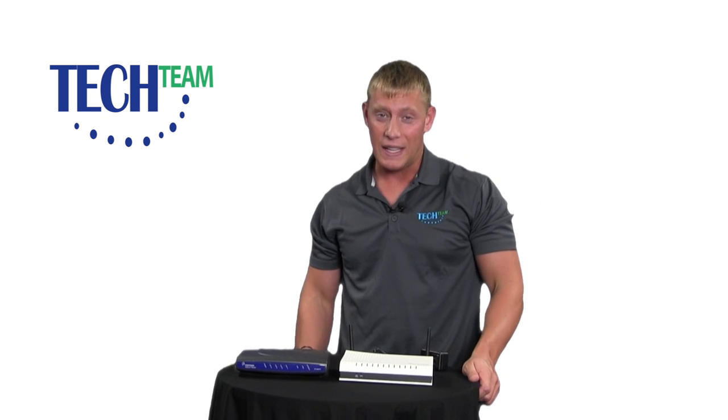Hi, my name is Dusty and I'm going to show you how to reboot your modem or router if your TV and or internet goes out. First, locate your modem. More than likely it's in the basement, but it could be by one of your TVs or your computer. It may look like this, or if you have wireless internet with us, it may look like this.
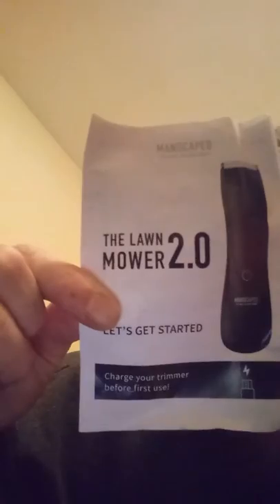We got this cool little bag — Manscaped, 'Refining the Gentleman.' It's like a cloth bag. Got all kinds of stuff inside. That's the Lawnmower 2.0 Perfect Package — that's looking good y'all.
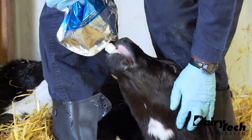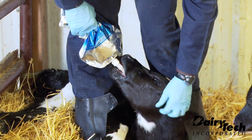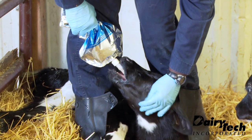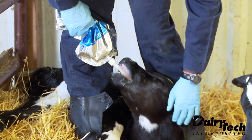It's important when we put the tube in and when we remove it that the bag be down lower than the tube, or that we kink the tube off so that there's no fluid flowing in as we're going in or coming out. That way we help prevent the calf from aspirating that colostrum into its lungs.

# # # #

WHAT THIS TASK INVOLVES:
The lines to write out run from the one containing "We got this" through the final line of the material above, both included; write them out exactly, with no pictures.

SOLUTION TO THIS PROBLEM:
We got this cool little bag — Manscaped, 'Refining the Gentleman.' It's like a cloth bag. Got all kinds of stuff inside. That's the Lawnmower 2.0 Perfect Package — that's looking good y'all.
It's important when we put the tube in and when we remove it that the bag be down lower than the tube, or that we kink the tube off so that there's no fluid flowing in as we're going in or coming out. That way we help prevent the calf from aspirating that colostrum into its lungs.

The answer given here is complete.